"Terrain vague" le dernier opus en date de Sandro Veronesi, romancier italien, Prix Femina étranger 2008 pour "Chaos calme" qui a été adapté au cinéma par Antonello Grimaldi, avec Nanni Moretti dans le rôle principal, plonge au coeur des dérives de l'Italie des années 60 qui commence à récolter les fruits de sa reconstruction matérielle, sociale et morale après la table rase de la Seconde guerre mondiale.

Un roman humaniste et réaliste qui, comme la lance vengeresse des grecs émergents du Cheval de Troie auxquels renvoyait le titre original "Brucia Troia", cloue le lecteur sur place, ravagé par le déferlement de violence et de convulsions apocalyptiques corollaires inévitables de "la mutation anthropologique", selon les termes de Pasolini, que connaît l'Italie pauvre qui accède aux délices de la société moderne en laissant à la périphérie de ses villes des no man's land dans lesquelles les hommes, et surtout les enfants, sombrent dans la déchéance, la misère et la sauvagerie.

Pasolini qui est d'ailleurs cité à juste titre en quatrième de couverture car ce roman s'inscrit résolument dans la veine du néo-réalisme italien, l'univers transposé au cinéma dans "Allemagne année zéro" de Roberto Rossellini et "Le voleur de bicyclette" de Vittorio De Sica et les thématiques que sont l'exclusion, la confusion entre le bien et le mal, la perte des repères pour les adultes et l'absence d'éducation et de transmission des valeurs primaires aux enfants.

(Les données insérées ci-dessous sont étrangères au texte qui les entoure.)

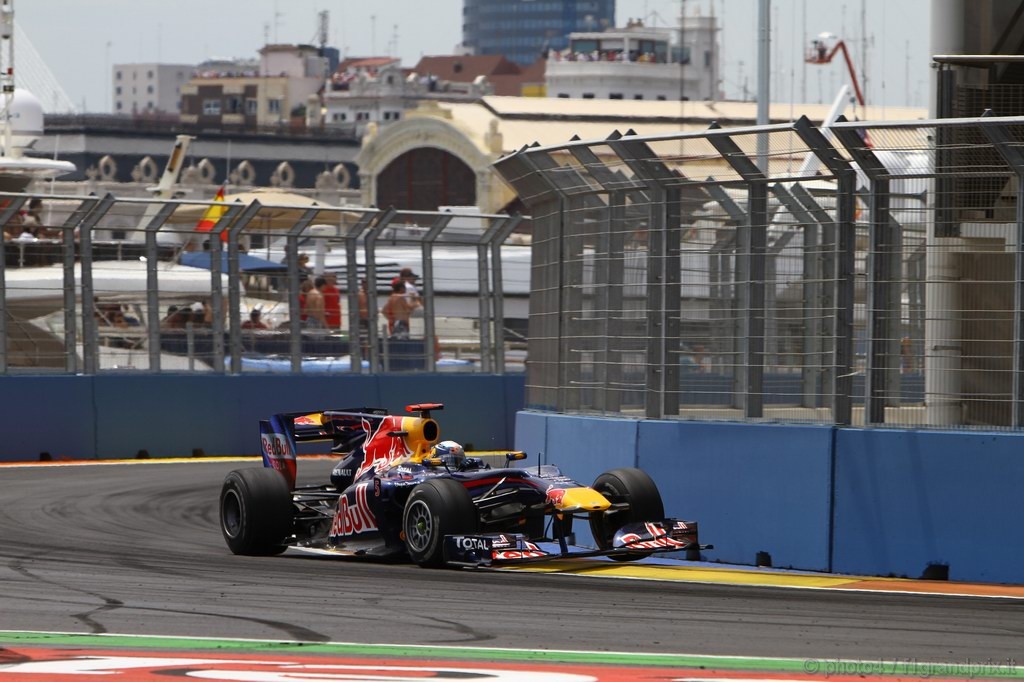 GP Europa, Gara, Sebastian Vettel (GER), Red Bull Racing, RB6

Placé sous le signe d'un élément à la symbolique puissante, de la dévastation à la purification, le feu, qui y fait l'objet de toutes les déclinaisons métaphoriques, ce roman puissant, salvateur peut-être, sans rédemption possible, procède par voie d'un récit sans concession ni pathos ni sensiblerie qui pointe du doigt une barbarie ordinaire qui détruit l'humanité.

Deux histoires imbriquées. Celle d'un orphelinat fondé par des religieux qui ne sont pas au-dessus de tout soupçon : un père missionnaire, ironiquement nommé Spartacus, qui vire au mysticisme pragmatique en inventant, à la manière "religieuse" du Living Theater de Bob Wilson, l'office permanent et la vierge animée en néons qui éblouissent les fidèles bigots et crédules, et des sœurs d'un ordre parallèle qui s'exercent au sadisme patenté sur les enfants.

Et puis le destin tragique et croisé de deux enfants, Salavatore, un orphelin qui s'échappe de l'orphelinat et Pampa, un enfant issu d'une famille défavorisée, un père alcoolique sans emploi et une mère prostituée, vivant dans un bidonville, ce fameux terrain vague que personne ne veut voir où l'essentiel est de tenter de survivre.

Le premier y trouve un père de substitution qui va l'associer à ses entreprises criminelles, du vol à l'incendie volontaire pour le compte des entrepreneurs véreux qui pratiquent l'escroquerie à l'assurance. Le second tente d'y échapper pour mener une vie normale mais est vite rattrapé par les basques pour retourner à une sauvagerie destructrice.

C'était en Italie dans les années 60. C'est peut-être aussi, aujourd'hui, ici, au coin de notre rue, que vivent ceux que Gilbert Cesbron nommaient affectueusement des chiens perdus sans collier.